That's a problem from Polish Olympiad in Informatics, called Pionek (PIO).
Given a set of not unique vectors, find the greatest possible euclidean distance in reference to (0,0) point you can achieve by moving using vectors from the set. Every vector can be used only once. Return square of found distance.
For every vector
[x, y]
from set, we know that10^-4 <= x,y <= 10^4
For n, number of vectors in set, the inequality
n <= 200 000
is satisfiedMemory limit is
128MB
Example input:
5 -> number of vectors
2 -2 -> [x, y] vector
-2 -2
0 2
3 1
-3 1
We will achieve the best result by choosing vectors [0,2], [3,1], [2, -2]. Our final destination point will be (5, 1), so the square of euclidean distance from (0,0) to (5,1) is 26, and that's valid result for this input.

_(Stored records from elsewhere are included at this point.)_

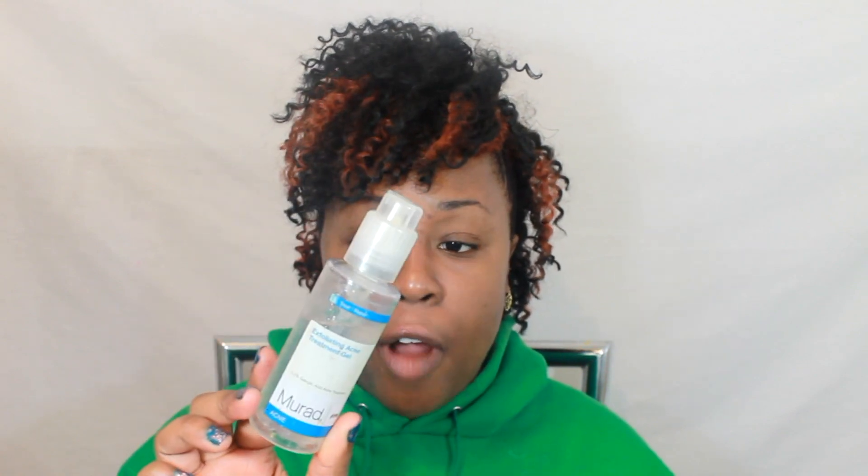At nighttime, after I put on the apple cider vinegar, I'll use Murad's exfoliating acne treatment gel and put that on my face. Then at night I'll put vitamin E oil just around my eyes to keep that skin supple, because I've noticed wrinkles there. I'm not sure if it's because of weight or just getting older, but I don't like it, so vitamin E oil every night around my eyes.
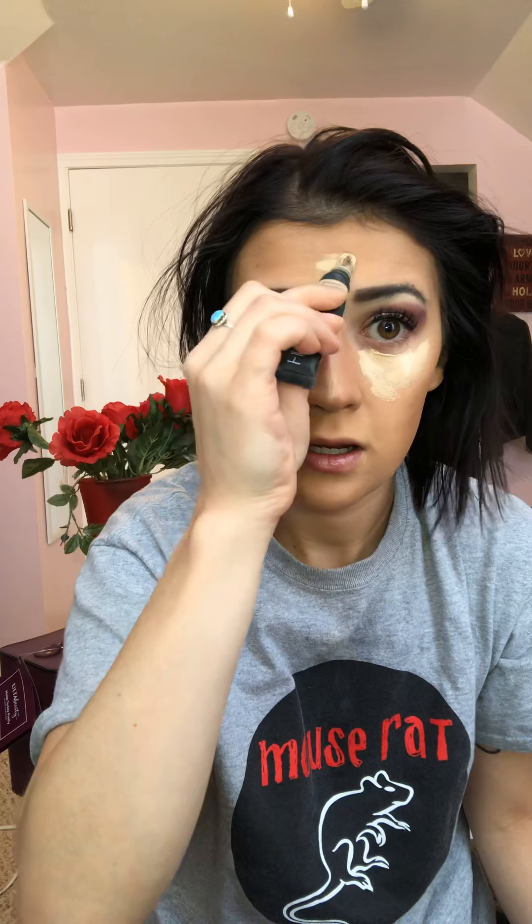Now I'm going to go in with a concealer — of course my Huda Beauty concealer, this is in the shade Coconut Flakes. This is a really awesome concealer — very full coverage and a little goes a long way, so I definitely don't need a ton. Having a bright under eye is super important to me because I have kids and I need to hide the fact that I have kids because if I don't, it'll look like I got hit by a truck.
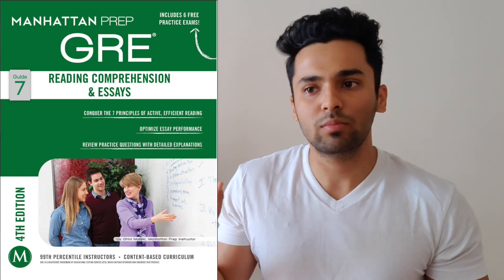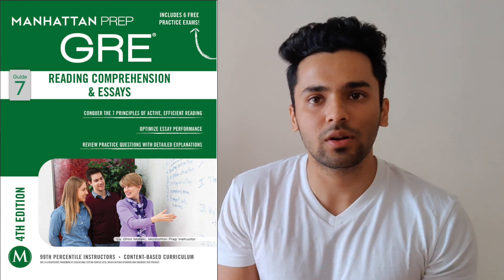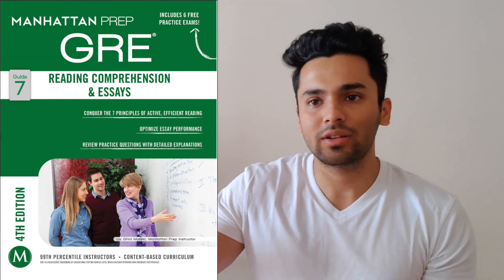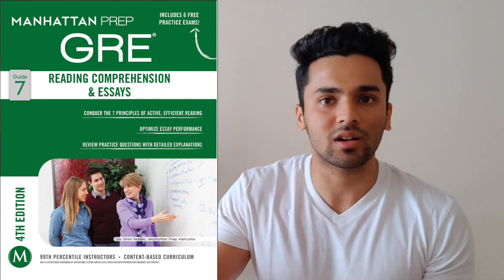Manhattan Prep has one book for reading comprehension and essays. It has a really good description of reading comprehension questions — how they're asked, what they're looking for, what these passages contain, the structure of the passages and questions, and how you can tackle them. There's a seven-step process to tackle reading comprehension which you'll find in the Manhattan Prep book. I highly recommend you get that book.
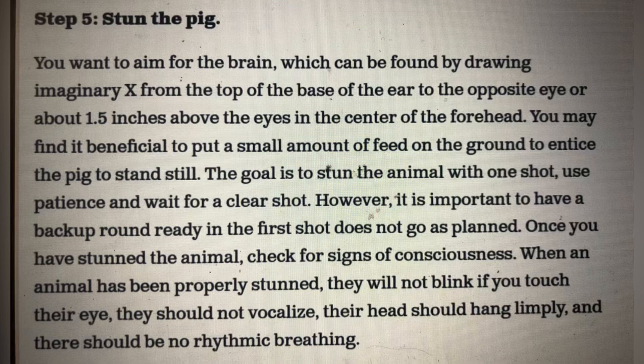The goal is to stun the animal with one shot. Use patience and wait for a clear shot. However, it's important to have a backup round ready if the first shot does not go as planned. Once you've stunned the animal, check for signs of consciousness. When an animal has been properly stunned, they will not blink if you touch their eye, they should not vocalize, their head should hang limply, and there should be no rhythmic breathing.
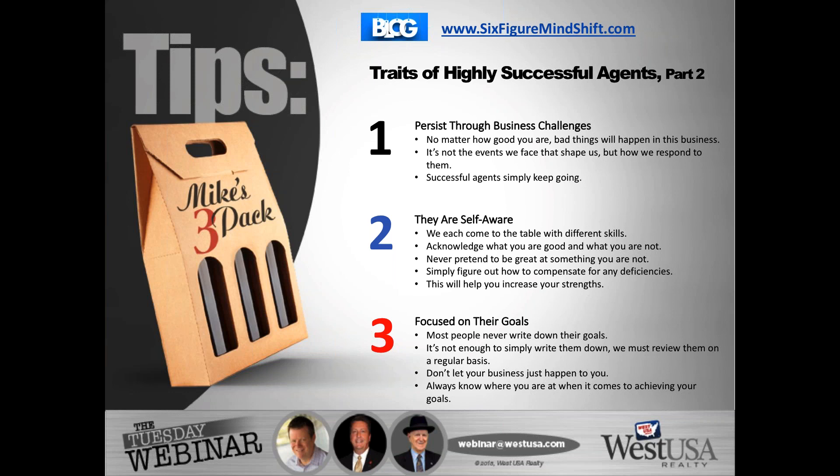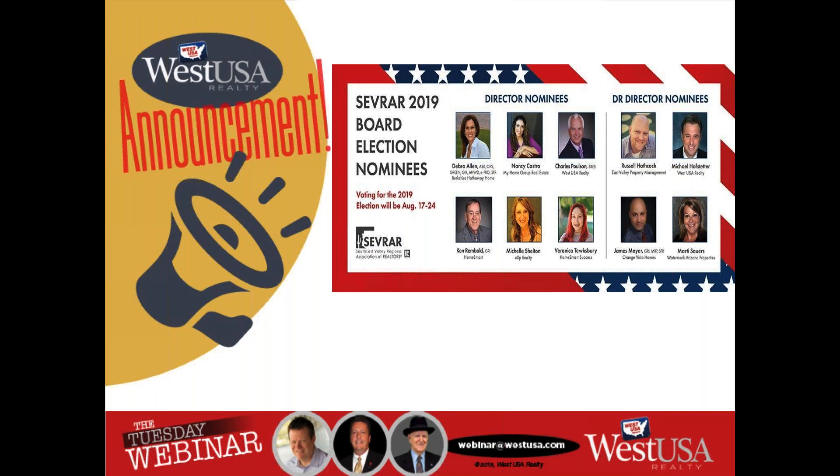If you'd like copies of the slides, you can request them at webinar@westusa.com. A couple of announcements: for those on the East Valley or members of the SEVRA board, board elections are coming up. Our very own Michael Hofstetter is running for director, and Chuck Paulson from the Mesa Stapley office is running for a director nominee position. You'll get to pick two in each category, so this gives you the opportunity to pick a West USA agent and potentially someone else who would be great for membership leadership.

I wrote below brute force solution:
#include <iostream>
#include <vector>
using namespace std;
long long solve(const vector<pair<int, int>>& points, int i, int x, int y) {
if (i == points.size())
return 1LL * x * x + 1LL * y * y;
long long ans = 0;
ans = max(solve(points, i + 1, x, y), solve(points, i + 1, x + points[i].first, y + points[i].second));
return ans;
}
int main()
{
ios_base::sync_with_stdio(false);
cin.tie(nullptr);
cout.tie(nullptr);
int n;
cin >> n;
vector<pair<int, int>> points(n);
for (int i = 0; i < n; ++i)
cin >> points[i].first >> points[i].second;
cout << solve(points, 0, 0, 0);
}
Of course, it's too slow (most of test cases require execution time below 0.5s or below 1.5s). I can use memoization, but then I exceed the memory limit.
Except above brute force, I have no idea what could I do. How can we solve it with acceptable time complexity, like O(nlogn)?